_Work task_
Nothing but the lines below from the one holding "poster de Harold & Kumar Chassent Le Burger" up to and including the one holding "arman.brand131" should be copied, exactly and without pictures.

————

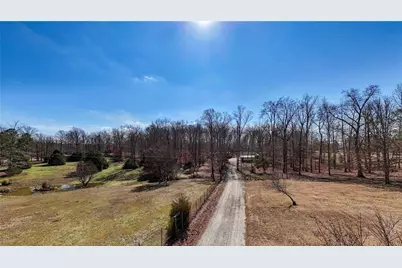 5981 Blacks Bluff Road, Cave Spring, GA 30124 - Photo 41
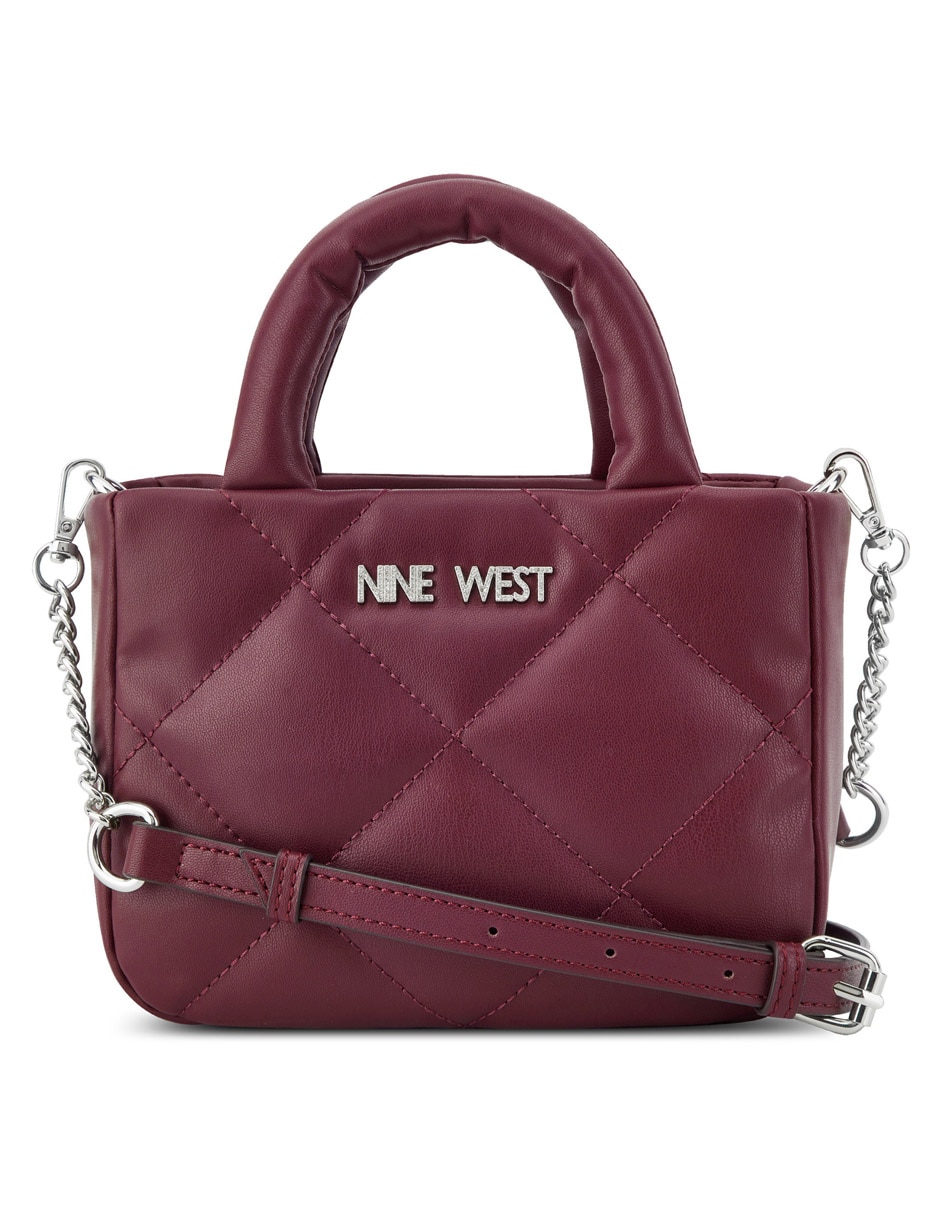 Bolsa tote Nine West Rubie para mujer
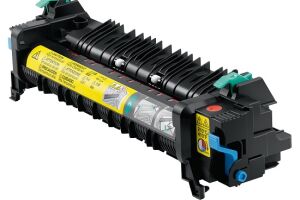 Konica Minolta magicolor 1680MF/1690MF Fuser Unit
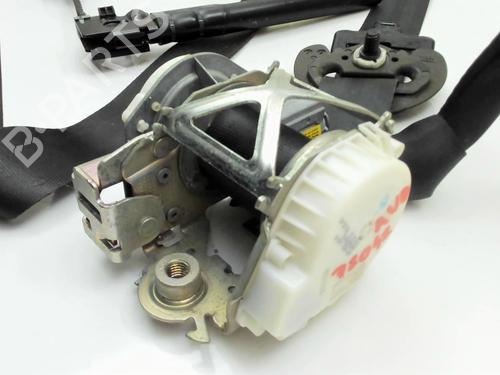 Front right belt tensioner PEUGEOT 3008 I MPV (0U_) 1.6 HDi | BP20422920C88 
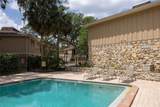 507 39TH Road - Photo 22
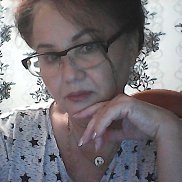 �����, 59 ���, ������������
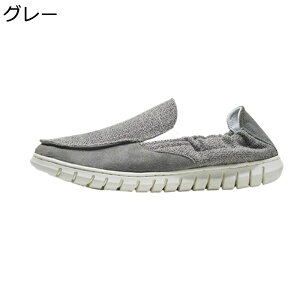  S {v  JWAV[Y pb`[N JV Y U[ Xgb` XbvI Ղ ɂ  tďH~ RtH[gV[Y X|[c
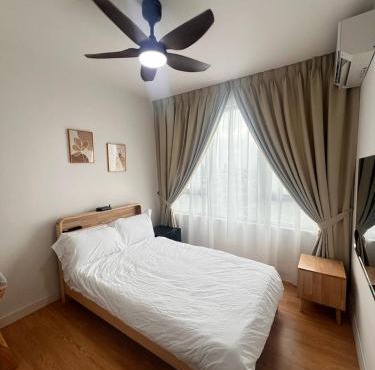 Edumetro Subang Permai USJ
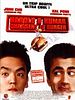 poster de Harold & Kumar Chassent Le Burger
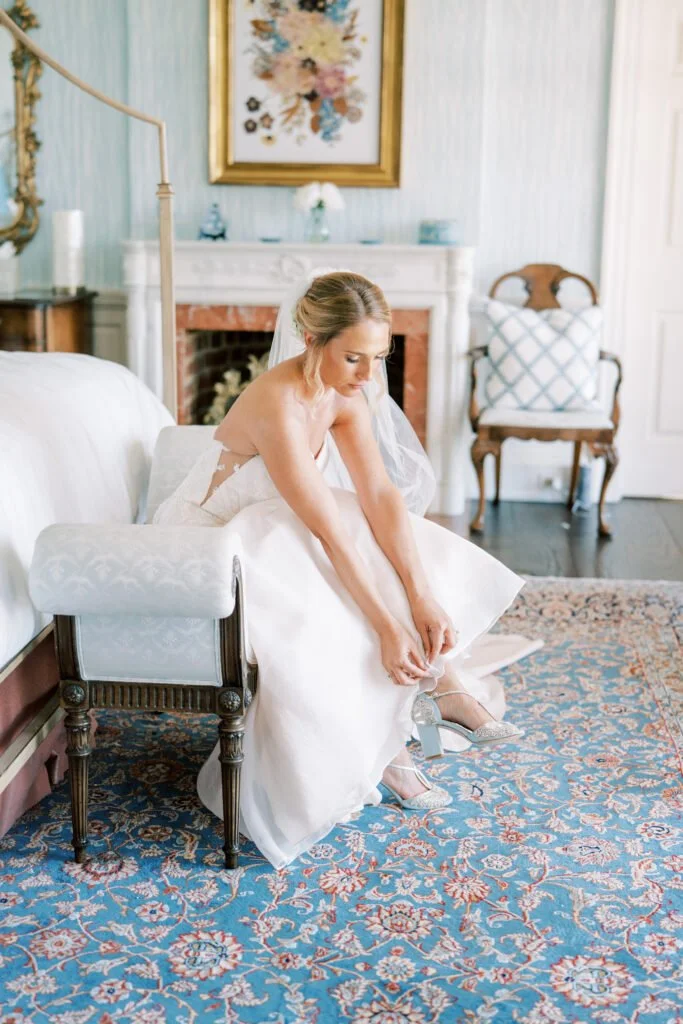 ClaireAaron_EstateatRiverRunWedding_BrideGettingReady-93-683x1024.jpg
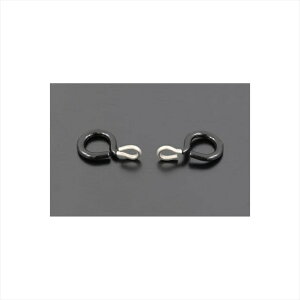 oCNp[c dns[GV[ [^[P[uuNvZbg 2PC81-2029 4547567992684Z1/2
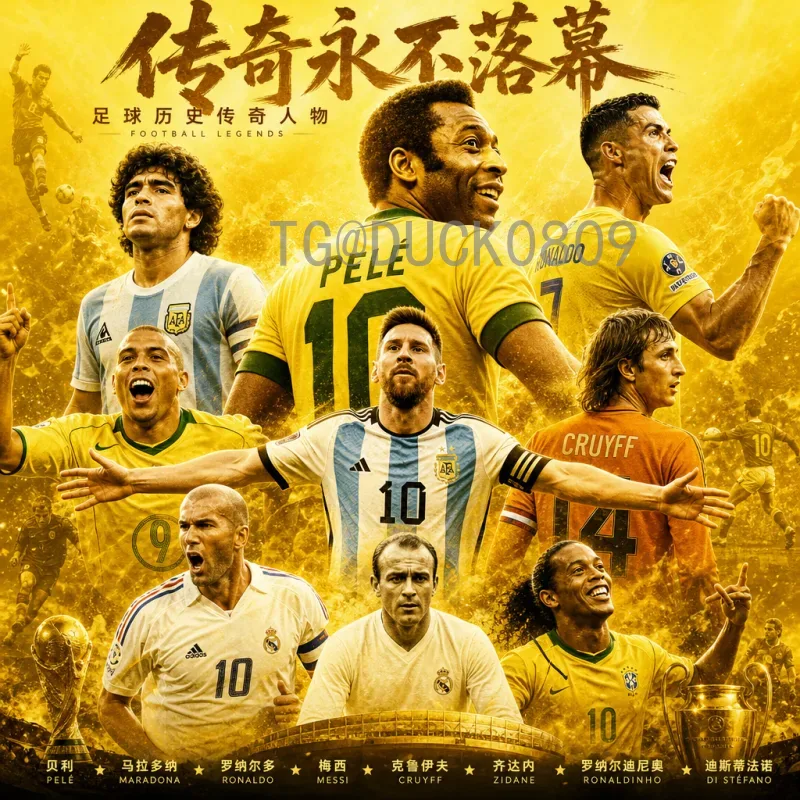 2026年美加墨世界杯比赛直播时间全攻略：时区、赛程与观看指南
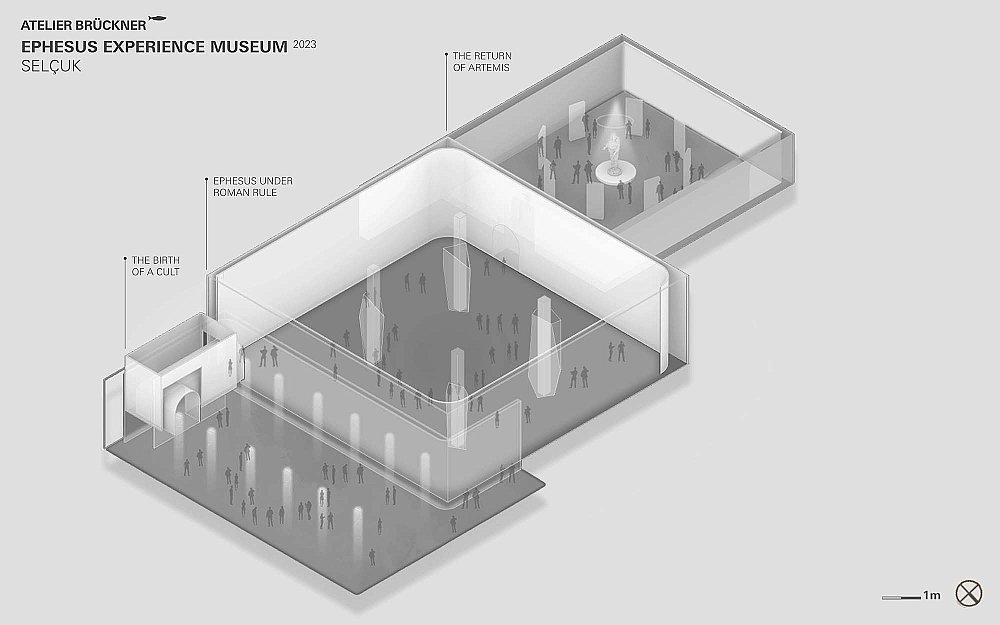 ephesus_experience_museum_isometry_grey.jpeg
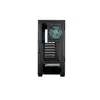 Datora korpuss Cooler Master Elite 690 ATX Photo 7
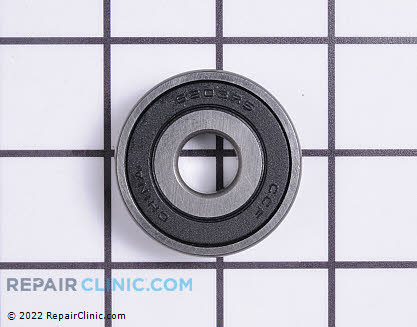 Auger Bearing 741-04517 Main Product View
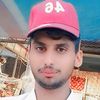 arman.brand131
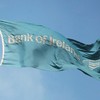 Bank of Ireland comes under state control in €85bn bailout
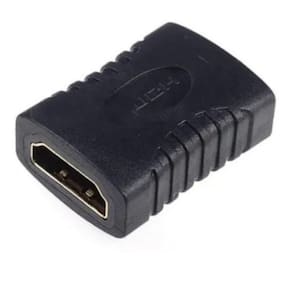 Adaptador HDMI de mudança de gênero Copla HD fêmea para fêmea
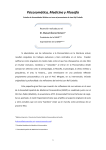 Descargar fichero adjunto - Sociedad Andaluza de Medicina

————

_Answer box_
 poster de Harold & Kumar Chassent Le Burger
 ClaireAaron_EstateatRiverRunWedding_BrideGettingReady-93-683x1024.jpg
 oCNp[c dns[GV[ [^[P[uuNvZbg 2PC81-2029 4547567992684Z1/2
 2026年美加墨世界杯比赛直播时间全攻略：时区、赛程与观看指南
 ephesus_experience_museum_isometry_grey.jpeg
 Datora korpuss Cooler Master Elite 690 ATX Photo 7
 Auger Bearing 741-04517 Main Product View
 arman.brand131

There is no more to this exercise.